I am looking forward to buy a Samsung HDTV as listed below

http://www.newegg.com/Product/Product.aspx?Item=N82E16889102208

I will mainly use it for my PC to play games...

This TV offers Auto motion plus option... and 120 Hz 

I want to know whether the auto motion plus and 120 hz will works for

PC Gaming... because if it doesn't

then I will get one without auto motion plus and 120 hz...

Thank you


----------



## ebackhus (Apr 21, 2005)

There is a great amount of debate as to whether the 120Hz helps or hinders. I personally do not like it one little bit. On LCDs it looks bad because of ghosting.


----------



## Leviathanblue (May 17, 2008)

It depends on the processor interjecting the the median frame between the two.. I have heard (not experienced) that Samsung's 650 and 750 processor is the best, especially for the PC. It has issues (as all 120hz do right now) with complex and rapid changes that occur between frames, as it cannot match an appropriate middle ground that your eye believes when seeing.
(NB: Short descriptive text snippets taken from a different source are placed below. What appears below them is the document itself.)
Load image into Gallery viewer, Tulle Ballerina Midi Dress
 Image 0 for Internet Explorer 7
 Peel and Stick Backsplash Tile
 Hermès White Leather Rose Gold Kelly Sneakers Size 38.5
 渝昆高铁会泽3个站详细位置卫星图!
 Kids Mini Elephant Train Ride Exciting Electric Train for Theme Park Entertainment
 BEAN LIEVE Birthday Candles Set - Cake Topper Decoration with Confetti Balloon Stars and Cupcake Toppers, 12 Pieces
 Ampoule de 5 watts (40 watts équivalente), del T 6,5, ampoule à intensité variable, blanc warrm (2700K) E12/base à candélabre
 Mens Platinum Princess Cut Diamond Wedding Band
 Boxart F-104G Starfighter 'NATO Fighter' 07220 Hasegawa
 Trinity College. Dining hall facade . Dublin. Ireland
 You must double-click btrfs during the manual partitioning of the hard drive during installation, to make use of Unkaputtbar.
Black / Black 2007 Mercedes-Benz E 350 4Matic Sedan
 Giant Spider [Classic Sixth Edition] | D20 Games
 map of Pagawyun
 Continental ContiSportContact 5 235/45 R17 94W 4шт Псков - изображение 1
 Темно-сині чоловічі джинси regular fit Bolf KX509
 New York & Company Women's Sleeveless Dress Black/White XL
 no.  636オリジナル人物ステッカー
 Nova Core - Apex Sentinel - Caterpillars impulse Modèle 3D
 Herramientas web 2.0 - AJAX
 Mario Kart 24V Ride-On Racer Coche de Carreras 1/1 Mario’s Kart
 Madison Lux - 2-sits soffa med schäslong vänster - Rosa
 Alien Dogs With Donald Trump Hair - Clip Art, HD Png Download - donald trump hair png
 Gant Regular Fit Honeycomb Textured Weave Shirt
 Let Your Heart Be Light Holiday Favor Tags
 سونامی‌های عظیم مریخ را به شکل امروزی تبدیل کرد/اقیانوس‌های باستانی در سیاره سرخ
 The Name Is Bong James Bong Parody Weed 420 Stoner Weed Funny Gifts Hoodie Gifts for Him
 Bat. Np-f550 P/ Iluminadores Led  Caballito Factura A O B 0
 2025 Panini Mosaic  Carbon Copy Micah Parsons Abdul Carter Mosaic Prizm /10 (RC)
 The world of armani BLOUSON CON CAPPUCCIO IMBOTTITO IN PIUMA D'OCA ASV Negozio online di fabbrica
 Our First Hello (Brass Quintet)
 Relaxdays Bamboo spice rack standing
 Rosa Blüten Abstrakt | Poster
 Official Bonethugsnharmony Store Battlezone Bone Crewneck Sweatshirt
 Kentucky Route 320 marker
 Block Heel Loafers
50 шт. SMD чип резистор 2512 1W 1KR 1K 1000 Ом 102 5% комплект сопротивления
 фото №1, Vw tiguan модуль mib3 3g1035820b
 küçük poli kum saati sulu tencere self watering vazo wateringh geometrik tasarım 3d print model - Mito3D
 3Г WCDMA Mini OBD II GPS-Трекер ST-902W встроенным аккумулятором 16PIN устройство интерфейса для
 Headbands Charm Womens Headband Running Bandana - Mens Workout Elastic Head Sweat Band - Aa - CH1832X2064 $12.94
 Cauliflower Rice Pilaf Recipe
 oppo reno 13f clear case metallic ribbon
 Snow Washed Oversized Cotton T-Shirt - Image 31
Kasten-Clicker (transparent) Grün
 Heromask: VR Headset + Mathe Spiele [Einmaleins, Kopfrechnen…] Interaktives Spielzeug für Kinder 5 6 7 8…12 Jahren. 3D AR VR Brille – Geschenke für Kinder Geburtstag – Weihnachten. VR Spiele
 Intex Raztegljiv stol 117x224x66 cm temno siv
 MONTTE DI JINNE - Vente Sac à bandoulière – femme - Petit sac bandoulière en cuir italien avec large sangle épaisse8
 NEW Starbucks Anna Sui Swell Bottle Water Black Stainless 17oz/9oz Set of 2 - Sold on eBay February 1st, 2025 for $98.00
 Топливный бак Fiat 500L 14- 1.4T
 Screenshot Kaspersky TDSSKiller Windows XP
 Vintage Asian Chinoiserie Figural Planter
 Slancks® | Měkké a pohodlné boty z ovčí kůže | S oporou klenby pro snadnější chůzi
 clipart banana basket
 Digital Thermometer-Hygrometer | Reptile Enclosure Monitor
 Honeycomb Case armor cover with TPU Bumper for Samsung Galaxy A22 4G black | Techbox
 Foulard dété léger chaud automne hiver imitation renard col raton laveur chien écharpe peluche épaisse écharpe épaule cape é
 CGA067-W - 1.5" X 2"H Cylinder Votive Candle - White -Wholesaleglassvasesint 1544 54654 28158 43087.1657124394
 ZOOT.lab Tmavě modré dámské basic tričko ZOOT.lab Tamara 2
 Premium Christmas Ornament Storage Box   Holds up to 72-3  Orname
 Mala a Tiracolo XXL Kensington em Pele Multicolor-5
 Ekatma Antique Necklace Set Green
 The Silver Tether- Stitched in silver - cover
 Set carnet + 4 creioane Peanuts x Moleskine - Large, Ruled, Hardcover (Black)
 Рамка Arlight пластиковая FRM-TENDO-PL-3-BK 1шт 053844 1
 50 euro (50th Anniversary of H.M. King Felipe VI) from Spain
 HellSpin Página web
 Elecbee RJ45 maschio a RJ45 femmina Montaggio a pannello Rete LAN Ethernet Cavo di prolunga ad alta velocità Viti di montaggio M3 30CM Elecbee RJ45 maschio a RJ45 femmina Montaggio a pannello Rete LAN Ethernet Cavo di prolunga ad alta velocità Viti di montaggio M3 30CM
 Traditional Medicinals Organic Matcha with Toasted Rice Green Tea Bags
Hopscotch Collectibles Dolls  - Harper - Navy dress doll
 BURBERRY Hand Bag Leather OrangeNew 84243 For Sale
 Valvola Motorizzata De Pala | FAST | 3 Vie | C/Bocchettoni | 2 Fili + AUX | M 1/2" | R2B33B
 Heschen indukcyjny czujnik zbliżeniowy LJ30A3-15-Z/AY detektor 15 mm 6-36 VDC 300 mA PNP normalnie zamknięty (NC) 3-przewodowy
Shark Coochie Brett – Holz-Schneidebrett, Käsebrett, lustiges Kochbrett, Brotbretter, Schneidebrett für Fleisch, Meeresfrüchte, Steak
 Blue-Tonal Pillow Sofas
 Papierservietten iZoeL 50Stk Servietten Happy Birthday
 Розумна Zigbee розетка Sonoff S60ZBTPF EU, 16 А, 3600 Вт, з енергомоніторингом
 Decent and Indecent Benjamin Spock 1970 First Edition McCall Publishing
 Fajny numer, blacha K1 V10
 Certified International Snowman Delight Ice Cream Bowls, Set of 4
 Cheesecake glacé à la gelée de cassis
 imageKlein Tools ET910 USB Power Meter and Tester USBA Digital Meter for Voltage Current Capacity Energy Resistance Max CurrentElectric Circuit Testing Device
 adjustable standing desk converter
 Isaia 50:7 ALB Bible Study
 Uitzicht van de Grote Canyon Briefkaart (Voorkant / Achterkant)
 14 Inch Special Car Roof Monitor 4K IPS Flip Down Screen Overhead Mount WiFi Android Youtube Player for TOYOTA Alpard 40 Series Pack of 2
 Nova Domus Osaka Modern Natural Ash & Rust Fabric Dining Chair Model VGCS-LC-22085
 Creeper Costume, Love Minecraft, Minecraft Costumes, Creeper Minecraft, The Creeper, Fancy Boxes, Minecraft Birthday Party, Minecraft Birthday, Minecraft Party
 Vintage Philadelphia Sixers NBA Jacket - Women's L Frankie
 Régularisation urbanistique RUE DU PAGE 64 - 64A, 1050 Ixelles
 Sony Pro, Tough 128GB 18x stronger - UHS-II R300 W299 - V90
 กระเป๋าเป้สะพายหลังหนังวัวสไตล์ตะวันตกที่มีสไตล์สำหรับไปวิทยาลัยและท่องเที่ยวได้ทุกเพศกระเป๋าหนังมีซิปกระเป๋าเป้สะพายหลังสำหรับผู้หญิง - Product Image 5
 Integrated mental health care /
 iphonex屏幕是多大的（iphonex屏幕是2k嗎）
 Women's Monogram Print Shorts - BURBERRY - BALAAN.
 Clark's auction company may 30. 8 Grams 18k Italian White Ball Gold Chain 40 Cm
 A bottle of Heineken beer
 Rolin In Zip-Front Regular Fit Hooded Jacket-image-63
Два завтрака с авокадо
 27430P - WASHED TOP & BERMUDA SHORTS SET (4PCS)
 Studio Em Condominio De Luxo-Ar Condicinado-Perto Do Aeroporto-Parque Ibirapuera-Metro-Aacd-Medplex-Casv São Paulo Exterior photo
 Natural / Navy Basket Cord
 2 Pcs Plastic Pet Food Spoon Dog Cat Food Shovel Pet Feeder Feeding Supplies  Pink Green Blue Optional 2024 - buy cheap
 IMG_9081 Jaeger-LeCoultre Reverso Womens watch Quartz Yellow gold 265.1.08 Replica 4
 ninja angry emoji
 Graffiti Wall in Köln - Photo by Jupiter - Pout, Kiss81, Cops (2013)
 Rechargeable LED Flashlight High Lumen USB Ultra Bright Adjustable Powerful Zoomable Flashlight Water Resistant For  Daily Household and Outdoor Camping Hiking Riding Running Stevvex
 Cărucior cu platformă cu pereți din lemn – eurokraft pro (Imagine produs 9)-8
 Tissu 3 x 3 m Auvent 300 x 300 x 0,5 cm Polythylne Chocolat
This is usually with rapid frame changes in movies or HDTV that sometimes gives viewers an (unrealistic feel) but too fast to notice really why. Gaming graphics however are much more linear in transfer of pixel data, easy for the processor to create the best median frame. I would get the Samsung JUST for the PC aspect


----------



## zavenger (May 13, 2008)

Thank you very much!

Now I can be decisive... ^o^


----------